それでも、まだ。



1人残された神田は、料理を再開した。


『ん…いい感じに出来てきたかな?』


味見をしながら味を整えていき、しばらくすると後ろから声が聞こえた。



『いい香りだね。私にも味見させておくれよ。』


レンでもジルでもない独特な話し方に驚いて振り向くと、そこには黒い服に身を纏った女性が椅子に座っていた。



『え?…ど、どなたですか?』


『相手に物事を聞くときはまず自分から、だろう?』


女性は微かに微笑んだ。



『す、すいません。私の名前は、神田真理です。』


有無を言わせない女性のオーラに圧倒されつつも、私はなんとか返事をした。



『神田真理…。じゃあお前が昨日やって来た子かい?』


『は、はい。』



女性は立ち上がり、神田の方に近付いた。



『へぇ、可愛い顔をしてるじゃないか。…私の名前はマダム。この組織の幹部の一人さ。』


神田の顔を覗き込むようにマダムは言った。


『マ、ダムさん……。』



この女性も幹部なのか。

というか、どうやってこの部屋に入ったのだろうか。少なくとも、さっきレンとジルが出ていったときは自分は1人だったはずだ。

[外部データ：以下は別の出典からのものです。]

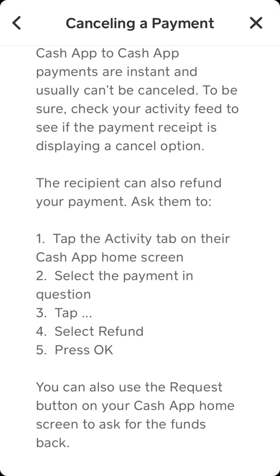In the Activity tab on the recipient's Cash App home screen, you need to select the payment, tap the three dots, select refund, and press OK. This way the recipient can cancel and money will come back to your Cash App account.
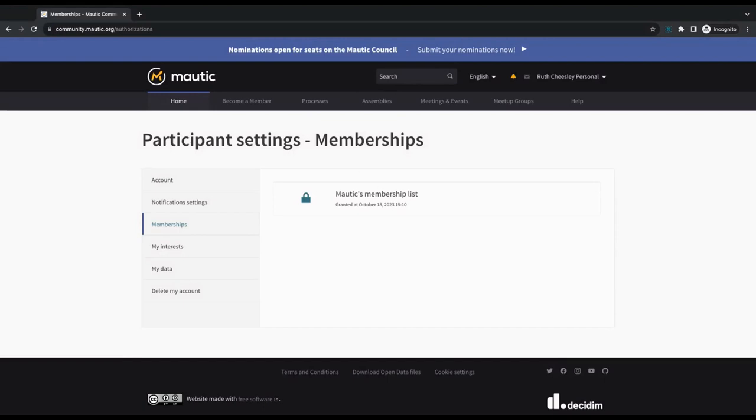We'll have a look and see what we can do for you. That's all for now. Thank you for being a member, and we'll catch up with you soon.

難しい顔をしていたのだろうか、マダムは少し困ったように笑った。


『そんな顔をしないでおくれ。私の仕事上、気配を消すくらい朝飯前さ。あとマダムでいいよ。』




マダムの言葉に、神田は引っかかりを感じた。


マダムがこの組織の幹部なら、仕事は武器を扱うことのはずだ。


…でもその仕事に気配を消すことなんて必要だろうか?



『…マダム、どうして気配を消す必要があるんですか?』


神田は鼓動がだんだんと速くなるのを感じながらも、ゆっくりと尋ねた。


『どうしてって…。そりゃあ、相手に気づかれないようにするためだろうねぇ。』



『…マダム、マダムたちの仕事は、武器を扱うことですよね?』



とても嫌な予感がした。



『何言ってるんだい?まあ、殺し屋には武器が不可欠かねぇ。』


『こ、殺し屋…!?』



その瞬間、私は一気に血の気が
引いていくのを感じた。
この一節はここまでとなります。